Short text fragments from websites
....................

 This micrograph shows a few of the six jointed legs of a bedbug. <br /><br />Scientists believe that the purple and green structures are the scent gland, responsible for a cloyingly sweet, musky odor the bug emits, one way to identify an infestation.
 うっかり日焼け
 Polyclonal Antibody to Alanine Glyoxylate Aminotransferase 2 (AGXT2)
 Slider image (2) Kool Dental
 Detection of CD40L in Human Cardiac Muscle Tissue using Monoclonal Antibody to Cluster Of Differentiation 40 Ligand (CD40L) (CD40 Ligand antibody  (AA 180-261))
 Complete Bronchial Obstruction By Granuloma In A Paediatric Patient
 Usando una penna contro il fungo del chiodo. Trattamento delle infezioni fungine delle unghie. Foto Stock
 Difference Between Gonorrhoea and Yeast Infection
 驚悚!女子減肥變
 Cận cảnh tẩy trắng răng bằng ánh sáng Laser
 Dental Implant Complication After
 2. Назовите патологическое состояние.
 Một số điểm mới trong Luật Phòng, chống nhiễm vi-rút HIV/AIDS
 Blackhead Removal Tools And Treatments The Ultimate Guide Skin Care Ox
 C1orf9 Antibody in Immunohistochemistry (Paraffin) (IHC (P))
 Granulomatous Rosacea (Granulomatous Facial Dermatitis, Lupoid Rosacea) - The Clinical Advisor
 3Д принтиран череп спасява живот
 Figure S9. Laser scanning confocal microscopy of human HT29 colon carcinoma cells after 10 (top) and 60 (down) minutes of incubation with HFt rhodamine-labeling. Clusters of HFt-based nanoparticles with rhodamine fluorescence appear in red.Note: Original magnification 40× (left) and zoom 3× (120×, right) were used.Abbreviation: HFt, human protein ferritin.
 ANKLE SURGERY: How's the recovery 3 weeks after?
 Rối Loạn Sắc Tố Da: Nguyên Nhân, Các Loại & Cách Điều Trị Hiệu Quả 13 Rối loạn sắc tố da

....................

### ABOUT THIS EXERCISE
Reproduce every line above without error.

### THE ANSWER
 This micrograph shows a few of the six jointed legs of a bedbug. <br /><br />Scientists believe that the purple and green structures are the scent gland, responsible for a cloyingly sweet, musky odor the bug emits, one way to identify an infestation.
 うっかり日焼け
 Polyclonal Antibody to Alanine Glyoxylate Aminotransferase 2 (AGXT2)
 Slider image (2) Kool Dental
 Detection of CD40L in Human Cardiac Muscle Tissue using Monoclonal Antibody to Cluster Of Differentiation 40 Ligand (CD40L) (CD40 Ligand antibody  (AA 180-261))
 Complete Bronchial Obstruction By Granuloma In A Paediatric Patient
 Usando una penna contro il fungo del chiodo. Trattamento delle infezioni fungine delle unghie. Foto Stock
 Difference Between Gonorrhoea and Yeast Infection
 驚悚!女子減肥變
 Cận cảnh tẩy trắng răng bằng ánh sáng Laser
 Dental Implant Complication After
 2. Назовите патологическое состояние.
 Một số điểm mới trong Luật Phòng, chống nhiễm vi-rút HIV/AIDS
 Blackhead Removal Tools And Treatments The Ultimate Guide Skin Care Ox
 C1orf9 Antibody in Immunohistochemistry (Paraffin) (IHC (P))
 Granulomatous Rosacea (Granulomatous Facial Dermatitis, Lupoid Rosacea) - The Clinical Advisor
 3Д принтиран череп спасява живот
 Figure S9. Laser scanning confocal microscopy of human HT29 colon carcinoma cells after 10 (top) and 60 (down) minutes of incubation with HFt rhodamine-labeling. Clusters of HFt-based nanoparticles with rhodamine fluorescence appear in red.Note: Original magnification 40× (left) and zoom 3× (120×, right) were used.Abbreviation: HFt, human protein ferritin.
 ANKLE SURGERY: How's the recovery 3 weeks after?
 Rối Loạn Sắc Tố Da: Nguyên Nhân, Các Loại & Cách Điều Trị Hiệu Quả 13 Rối loạn sắc tố da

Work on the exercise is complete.